(Stored data entries)
────────────────────
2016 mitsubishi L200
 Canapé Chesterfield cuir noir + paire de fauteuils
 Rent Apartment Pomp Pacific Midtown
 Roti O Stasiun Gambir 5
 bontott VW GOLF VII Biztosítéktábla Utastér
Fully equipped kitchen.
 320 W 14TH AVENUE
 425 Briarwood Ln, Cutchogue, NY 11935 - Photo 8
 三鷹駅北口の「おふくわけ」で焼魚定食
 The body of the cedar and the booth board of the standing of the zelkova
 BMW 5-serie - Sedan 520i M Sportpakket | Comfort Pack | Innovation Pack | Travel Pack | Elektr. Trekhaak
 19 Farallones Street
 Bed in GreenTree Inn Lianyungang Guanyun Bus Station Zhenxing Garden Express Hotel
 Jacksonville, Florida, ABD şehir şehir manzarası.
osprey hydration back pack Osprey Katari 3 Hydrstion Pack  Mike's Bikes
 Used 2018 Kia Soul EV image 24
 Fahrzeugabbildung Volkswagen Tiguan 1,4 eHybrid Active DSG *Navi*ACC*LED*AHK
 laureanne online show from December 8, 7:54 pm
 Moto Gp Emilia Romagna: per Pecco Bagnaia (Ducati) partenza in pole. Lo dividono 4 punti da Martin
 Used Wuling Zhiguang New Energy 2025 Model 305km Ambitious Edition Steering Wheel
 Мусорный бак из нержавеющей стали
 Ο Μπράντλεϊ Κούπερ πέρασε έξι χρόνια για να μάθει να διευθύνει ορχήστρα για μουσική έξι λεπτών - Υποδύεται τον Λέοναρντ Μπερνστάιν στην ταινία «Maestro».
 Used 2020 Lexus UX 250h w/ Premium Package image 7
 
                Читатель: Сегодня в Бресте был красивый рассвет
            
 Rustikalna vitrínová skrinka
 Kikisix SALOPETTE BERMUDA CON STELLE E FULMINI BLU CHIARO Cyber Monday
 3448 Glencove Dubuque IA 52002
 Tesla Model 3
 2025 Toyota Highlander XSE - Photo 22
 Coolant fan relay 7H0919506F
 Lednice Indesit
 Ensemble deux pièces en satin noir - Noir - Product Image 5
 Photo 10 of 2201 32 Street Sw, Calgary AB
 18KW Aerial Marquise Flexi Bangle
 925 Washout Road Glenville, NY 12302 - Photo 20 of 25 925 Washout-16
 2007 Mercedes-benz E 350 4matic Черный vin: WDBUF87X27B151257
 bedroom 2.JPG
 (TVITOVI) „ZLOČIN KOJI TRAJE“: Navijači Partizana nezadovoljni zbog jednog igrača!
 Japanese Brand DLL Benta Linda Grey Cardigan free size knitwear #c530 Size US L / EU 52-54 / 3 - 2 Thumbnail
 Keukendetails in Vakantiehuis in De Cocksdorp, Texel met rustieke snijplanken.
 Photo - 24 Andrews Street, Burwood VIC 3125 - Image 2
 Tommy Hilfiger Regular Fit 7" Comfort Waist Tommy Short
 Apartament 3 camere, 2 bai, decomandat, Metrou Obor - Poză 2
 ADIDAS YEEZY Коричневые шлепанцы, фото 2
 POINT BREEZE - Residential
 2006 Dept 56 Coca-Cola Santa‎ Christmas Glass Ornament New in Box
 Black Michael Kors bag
────────────────────
What to produce:
Look above for the line with "Jacksonville, Florida, ABD" and the line with "Moto Gp Emilia". Write out those two lines and all the lines between them, exactly, and no others.

Written solution:
 Jacksonville, Florida, ABD şehir şehir manzarası.
osprey hydration back pack Osprey Katari 3 Hydrstion Pack  Mike's Bikes
 Used 2018 Kia Soul EV image 24
 Fahrzeugabbildung Volkswagen Tiguan 1,4 eHybrid Active DSG *Navi*ACC*LED*AHK
 laureanne online show from December 8, 7:54 pm
 Moto Gp Emilia Romagna: per Pecco Bagnaia (Ducati) partenza in pole. Lo dividono 4 punti da Martin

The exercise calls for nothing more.